Court of Criminal Appeals of Texas, 1928

Tolbert v. State

Tolbert v. State
Court of Criminal Appeals of Texas · Decided May 2, 1928 · Martin
6 S.W.2d 356; 109 Tex. Crim. 531; 1928 Tex. Crim. App. LEXIS 342 (South Western Reporter, Second Series)

Tolbert v. State

Opinion of the Court

*532 MARTIN, Judge.

Offense the unlawful sale of intoxicating liquor, penalty one year in the penitentiary.

The only question presented for view on this appeal is the refusal of the court to grant what appellant terms an “equitable motion” for a continuance.

The indictment alleges the sale of intoxicating liquor by appellant to one W. F. Wolverton. The evidence shows that witnesses, Wolverton and Bryant, both testified to the alleged sale and both were Federal prohibition agents. Wolverton lived at Madill, Oklahoma, and Bryant at Whitewright, Texas. The indictment was returned on January 5, 1927. It is alleged in the motion that appellant first learned of the residence of the witnesses on February 21, 1927. . He was tried on February 23, 1927, and his motion for a new trial was heard and overruled March 21, 1927. The substance of the motion is if given time he thought he could obtain reputable witnesses at the homes of said witnesses who would swear that said Wolverton and Bryant are “unworthy characters and men of bad reputation for truth and veracity.” To the motion for new trial is attached the affidavit of one Lee Dunn, the substance of which is that he was well acquainted with W. F. Wolverton; had known him for twenty-three years, and that the reputation of said Wolverton as to truth and veracity was bad. No other affidavit is appended to such motion.
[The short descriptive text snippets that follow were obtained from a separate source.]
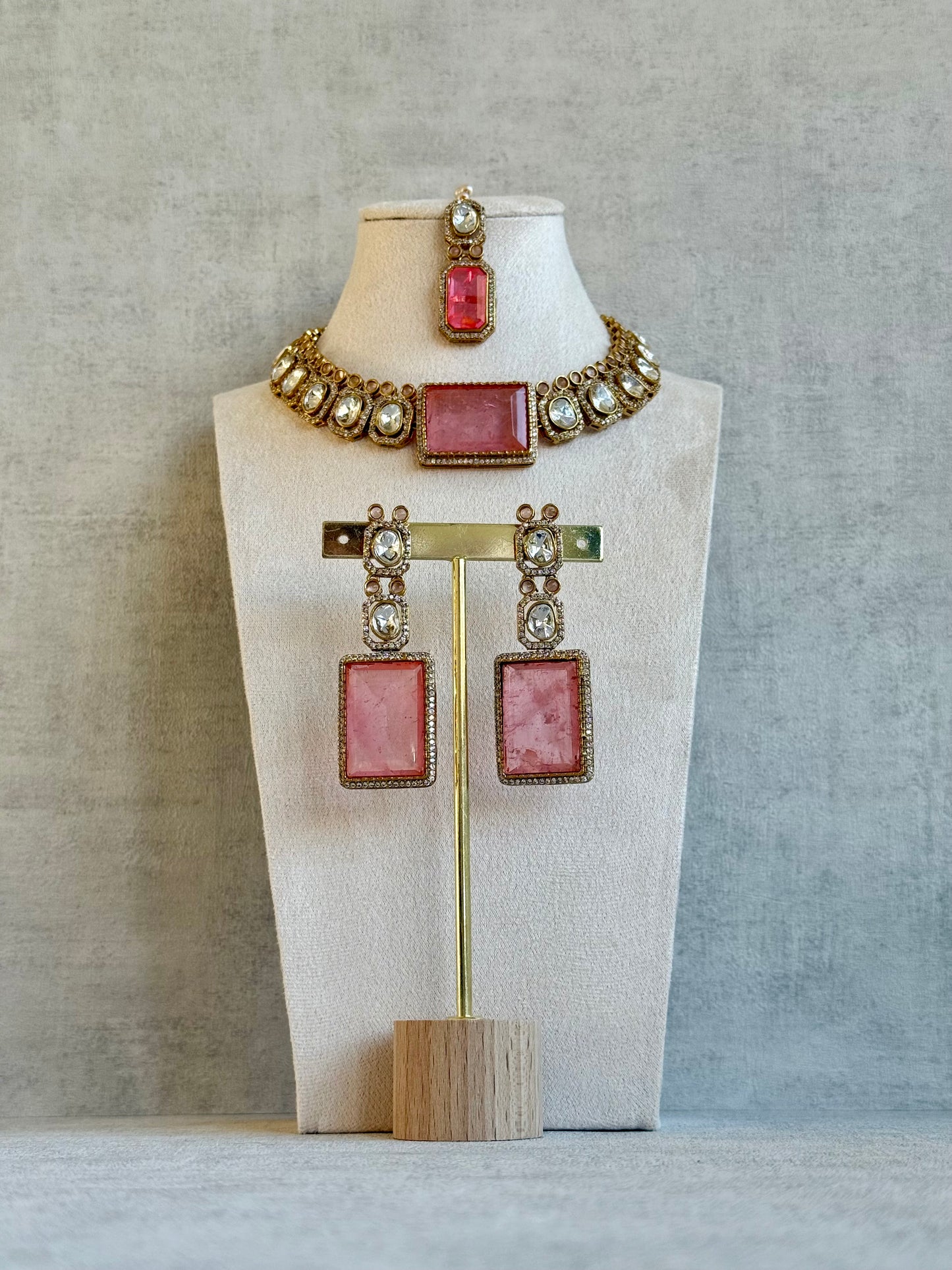 Ayura Designs Clara Set with Earrings and Tikka – Rose Quartz Pink Stones with Moissanite and Antique Gold Finish
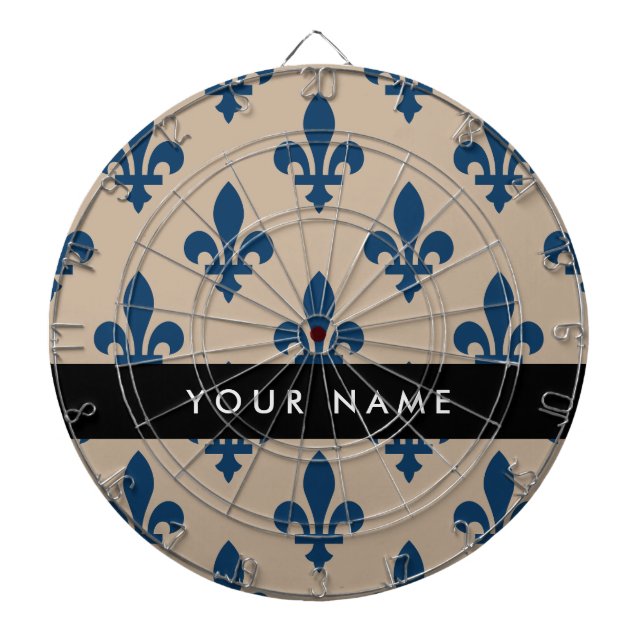 Fleur de Lis, Navy Blue on Beige, Royal, Your Name Dart Board (Front)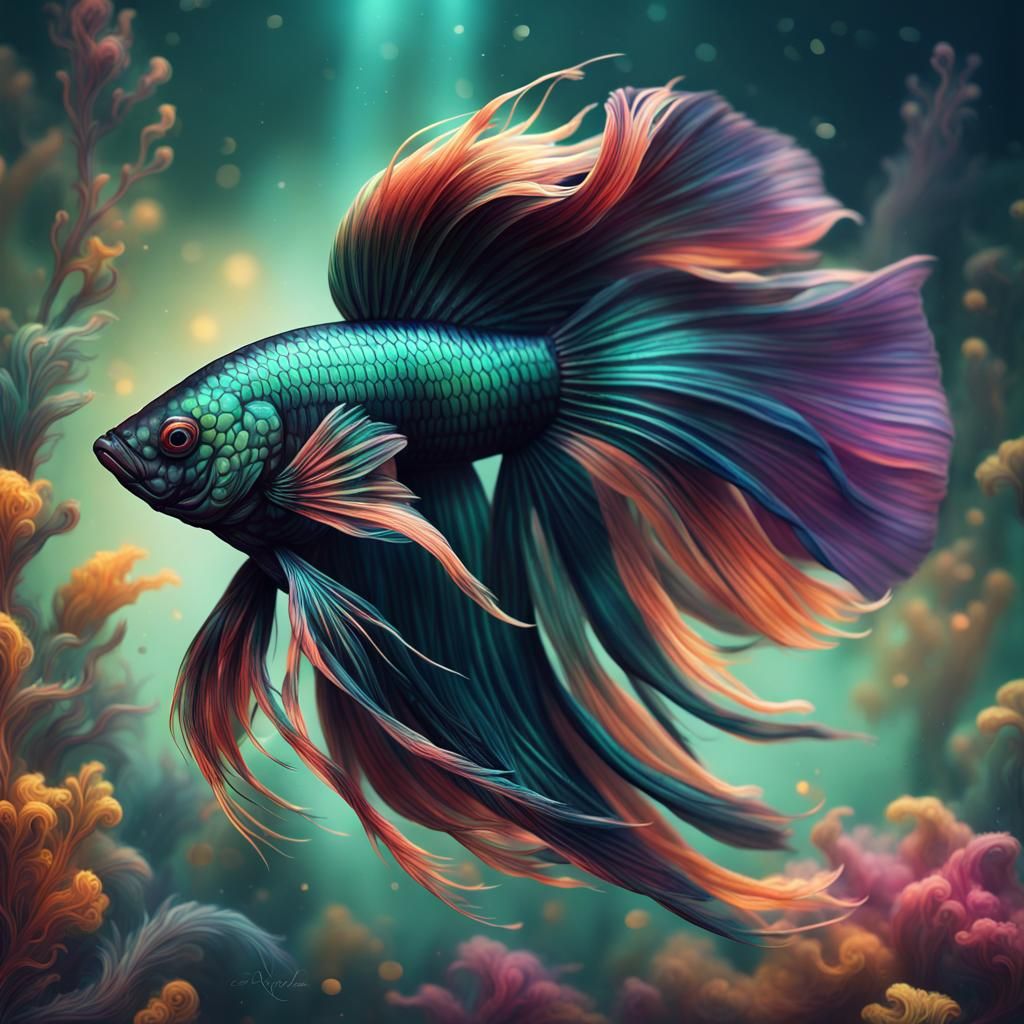 Stylized Emerald Betta Fish in Fantasy Illustration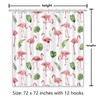 APROPHIC Summer Flamingo Shower Curtain for Bathroom Decor, Palm Leaf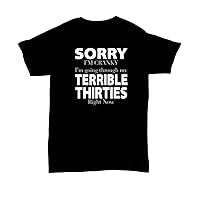 Terrible Thirties Shirt. Sorry I'm Cranky, Funny Thirtieth Birthday T-Shirt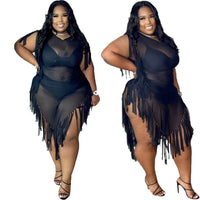 Plus Size avail Split Fringe Dress Club Night Dance Party Dress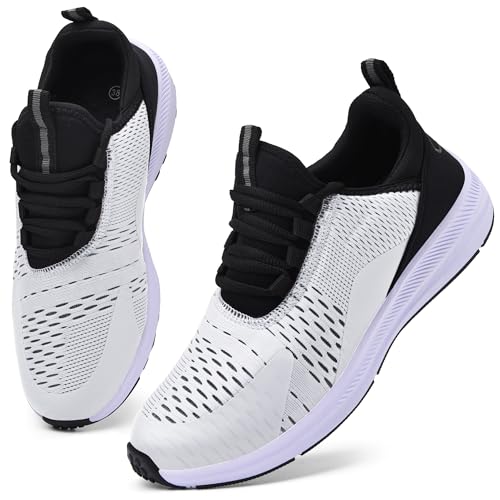 KOUDYEN Turnschuhe Herren Damen Laufschuhe Schnürer Turnschuhe Sportschuhe Atmungsaktiv Sneaker XZ489-BlackWhite-EU36 von KOUDYEN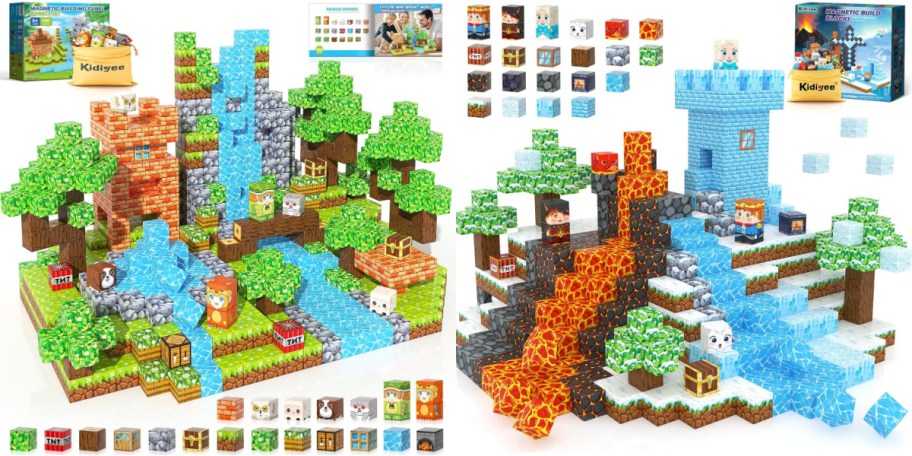 two different Magnetic Blocks Building Sets side by side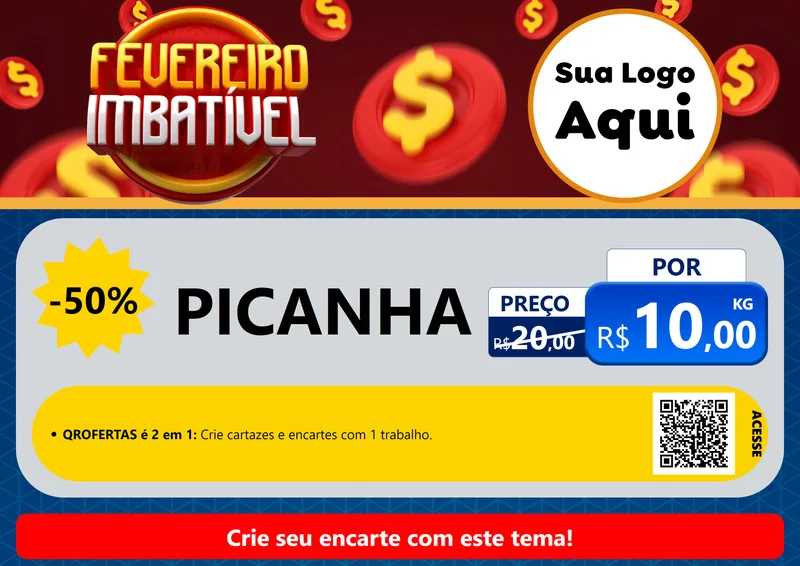 Modelo de Cartaz para Cartaz A4 Horizontal com o tema Fevereiro Imbatível para Açougue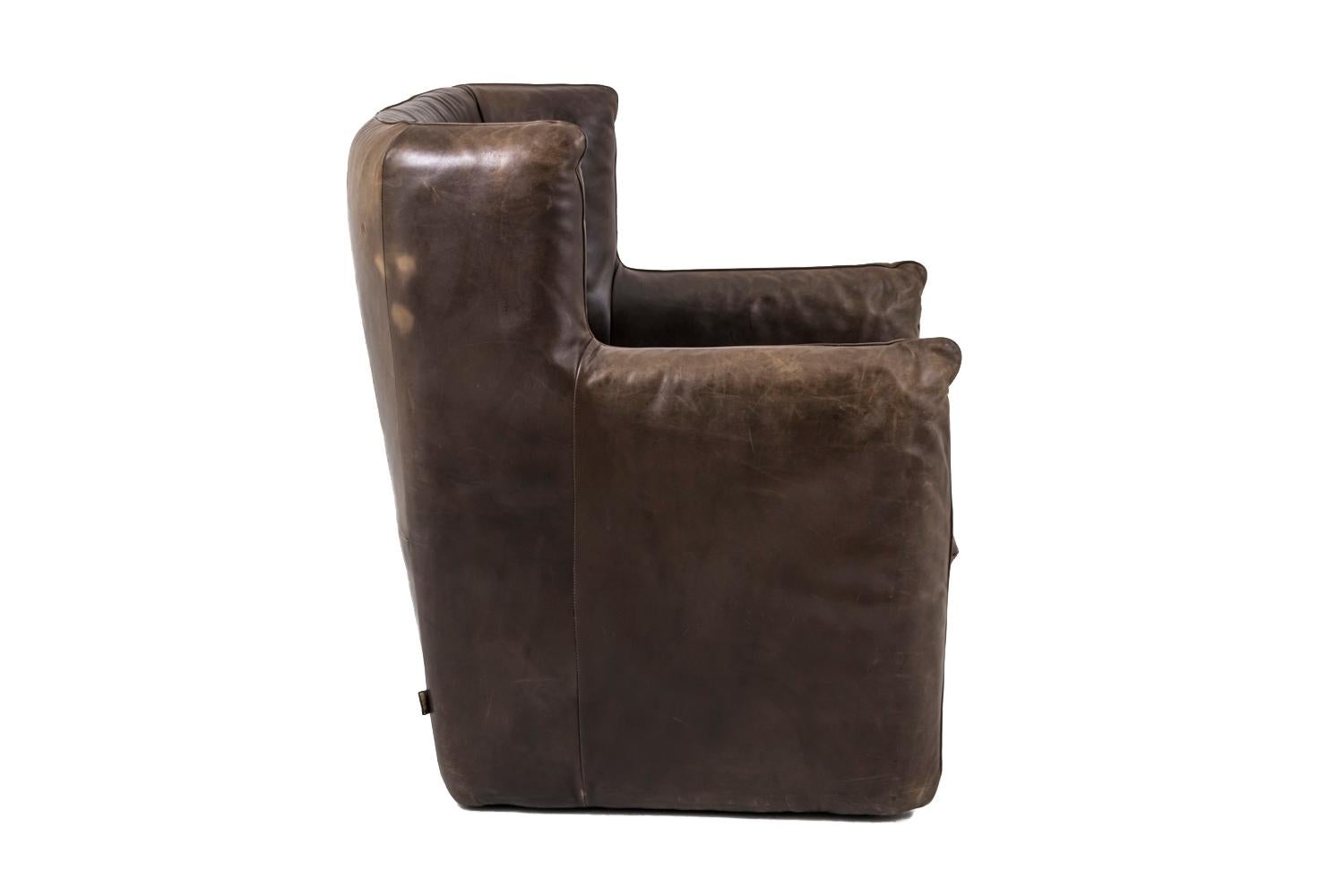 Van Den Berg for Montis, Pair of Armchairs in Brown Leather, `after 1974 In Good Condition In Saint-Ouen, FR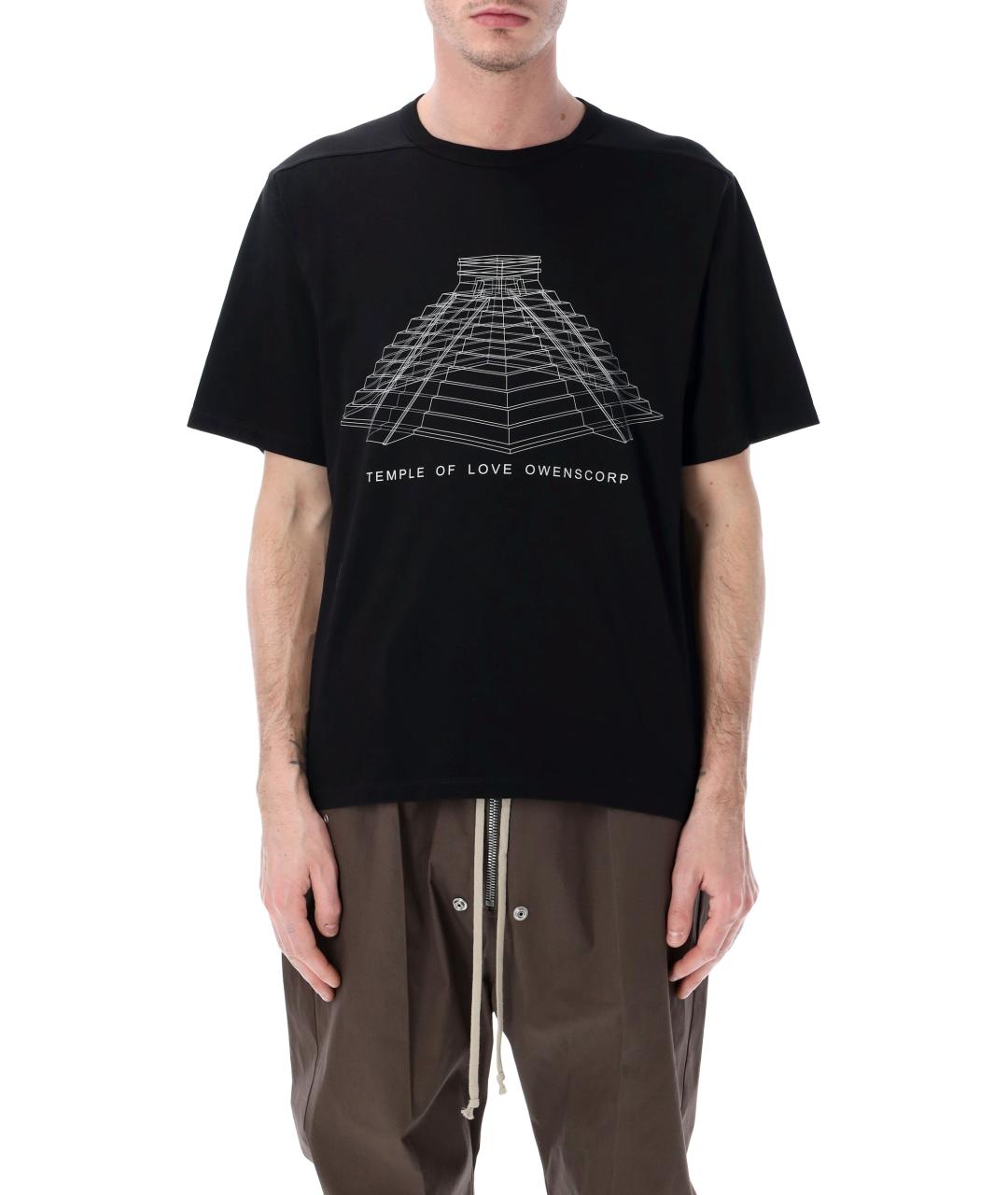 RICK OWENS Черная хлопковая футболка, фото 1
Continuances will rarely be granted to obtain impeaching testimony. Butts v. State, 35 Tex. Crim. Rep. 364; Branch’s P. C., Sec. 324. Dunn fails to make affidavit that he was acquainted with the general reputation of Wolverton in the community or communities in which he had resided and the appellant’s showing was in that respect fatally defective. He does not show himself qualified to testify nor is it alleged in the motion that witnesses could be obtained who could qualify in this respect. Further, the record shows that appellant was aware some time before the trial of the fact that these witnesses were Federal prohibition officers, and we are of the opinion that no sufficient showing of diligence to obtain this testimony prior to the trial is made to appear in the record.

Beliéving the action of the court correct in overruling such motion and the evidence amply sufficient to sustain the conviction, the judgment is affirmed.

Affirmed.

The foregoing opinion of the Commission of Appeals has been examined by the Judges of the Court of Criminal Appeals and approved by the Court.